The healthcare sector is a growing business in Asia and has attracted the interest of private equity funds. For instance, TPG — together with the Hong Leong Group — has built a healthcare chain around the Columbia Asia Hospital group, while Sunway Healthcare Group has attracted GIC Pte Ltd of Singapore as an investor.
The benchmark for healthcare valuations was set in November last year when Columbia Asia Healthcare Sdn Bhd (CAHSB), which is owned by HLT Healthcare Holdings Ltd, acquired four hospitals jointly owned by Sime Darby Group and Ramsay Health Care of Australia for RM5.7 billion. The deal was valued at an EV/Ebitda of 20.1 times.
Based on an EV/Ebitda valuation of 20 times, analysts estimate that the impending listing of Sunway’s healthcare arm is valued at about RM14 billion, assuming the group expands its hospital chain from the current three facilities.

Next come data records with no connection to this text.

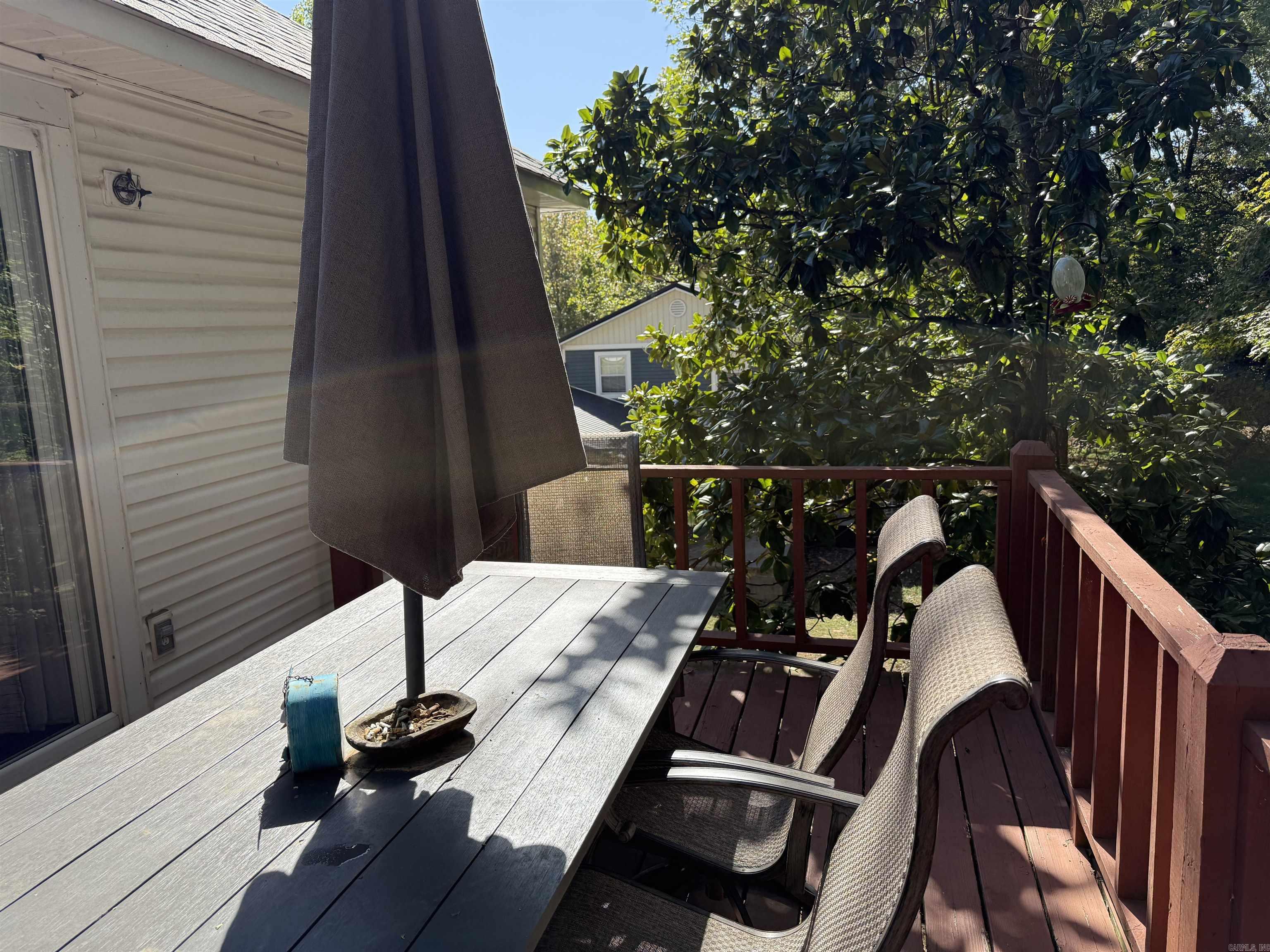 COUNTRY CLUB EST PH I - Residential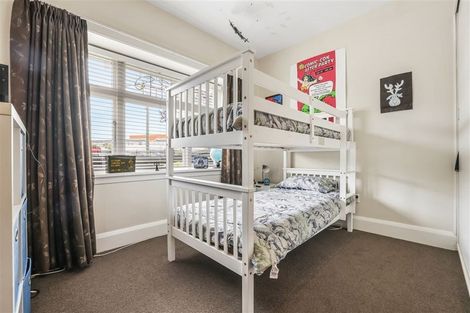 Photo of property in 61 Langdons Road, Papanui, Christchurch, 8053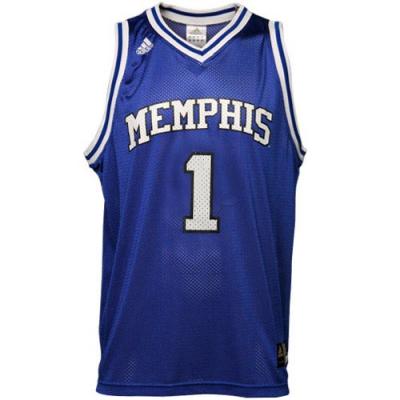 Basketball Jerseys (Basketball Trikots)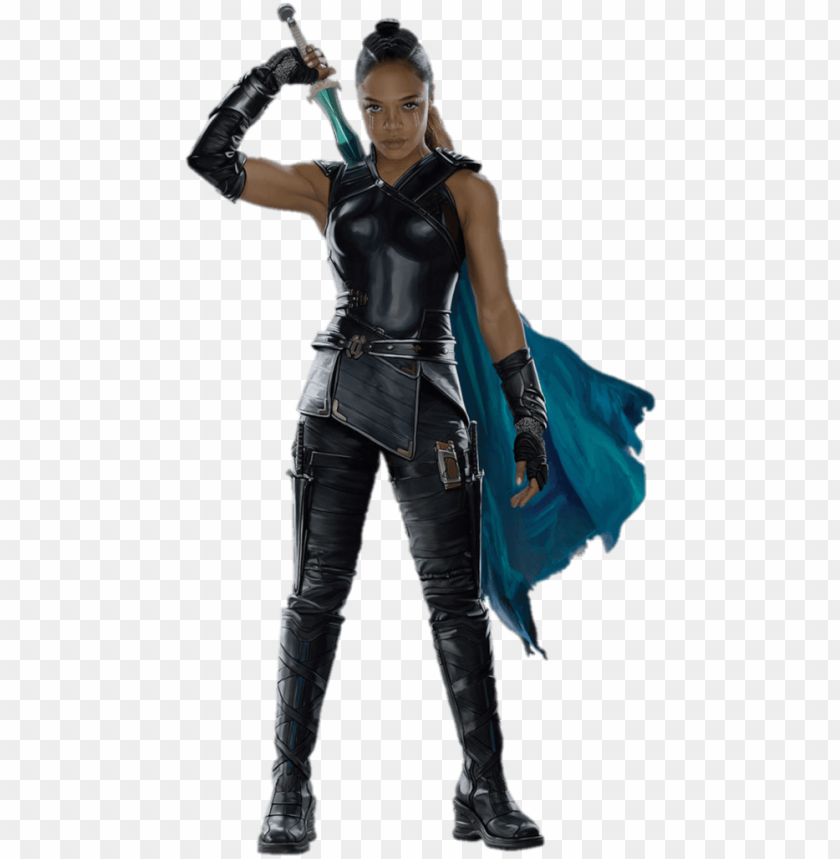 Valkyrie Thor Ragnarok Png By Gasa979 Thor Ragnarok Valkyrie Png Image With Transparent Background Toppng - roblox valkyrie png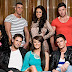 Aquí está todo lo que el elenco original de ‘Geordie Shore’ ha logrado desde que empezó el programa hace cinco años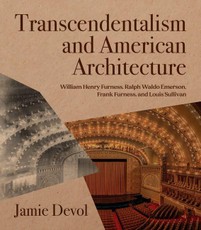 Transcendentalism and American Architecture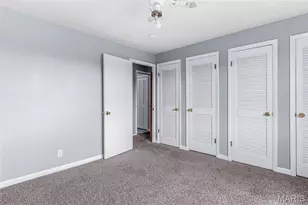 3220 Baisch Dr, Unincorporated, MO 63020 - Photo 28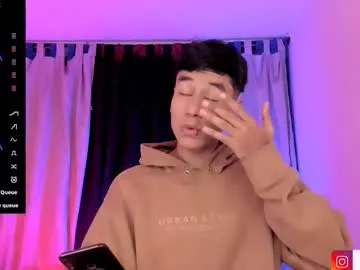 Keiner_smith preview thumbnail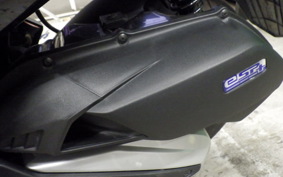 HONDA PCX 125 2021 JK05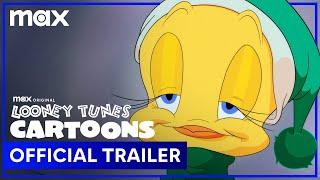 Looney Tunes Cartoons | The Looniest Yet | Max Family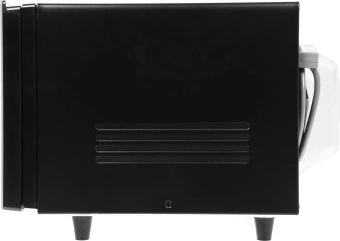 Микроволновая Печь Samsung MC32DB7746KCBW 32л. 900Вт антрацит - купить недорого с доставкой в интернет-магазине
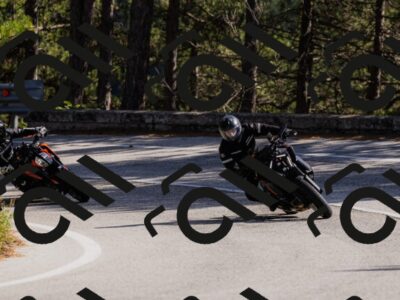 202510111344-_04A2474_c3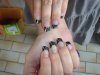 DSC04884.jpg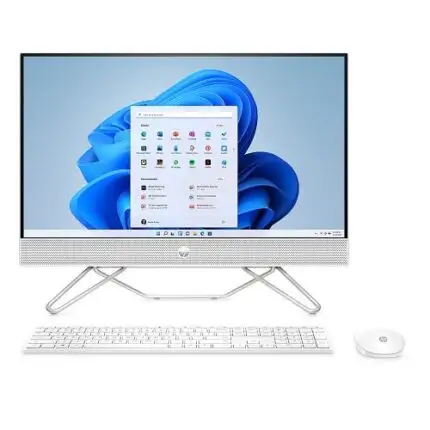 HP 24-CB1285NH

The planned listing of Sunway Group’s healthcare division follows the entry of GIC, which forked out RM750 million for a 16% stake in July 2021. The transaction valued the 800-bed healthcare division of Sunway Group at RM4.7 billion then.
According to reports, GIC’s entry into Sunway Healthcare is on the basis of the healthcare unit being listed by October 2027.
EPF is no stranger to investing in the private healthcare sector. Together with the Abu Dhabi Investment Authority (ADIA), EPF has an interest in CAHSB through One Health Holdings (OHH), a fund managed by TPG.
According to announcements, EPF and ADIA have an effective 25% stake in OHH, which owns HLT Healthcare that, in turn, controls CAHSB.
As for Mitsui, its entry into IHH can be traced to the Japanese entity’s acquisition of a 30% stake in 2011 before Khazanah listed the healthcare arm. Its equity interest dropped to just below 17% following the listing of IHH in 2012.
In 2018, Mitsui increased its holding to 32.9% through the acquisition of an additional stake of 16% from Khazanah for RM8.4 billion then. That deal propelled Mitsui to become the largest shareholder of IHH, which by then had already expanded its presence in Asia and Turkey with 12,000 beds.
In 2021, there were reports that Mitsui was exploring a proposal to take over Khazanah’s stake in IHH, paving the way for the privatisation of the healthcare group. However, Khazanah denied that it was disposing of its interest in IHH.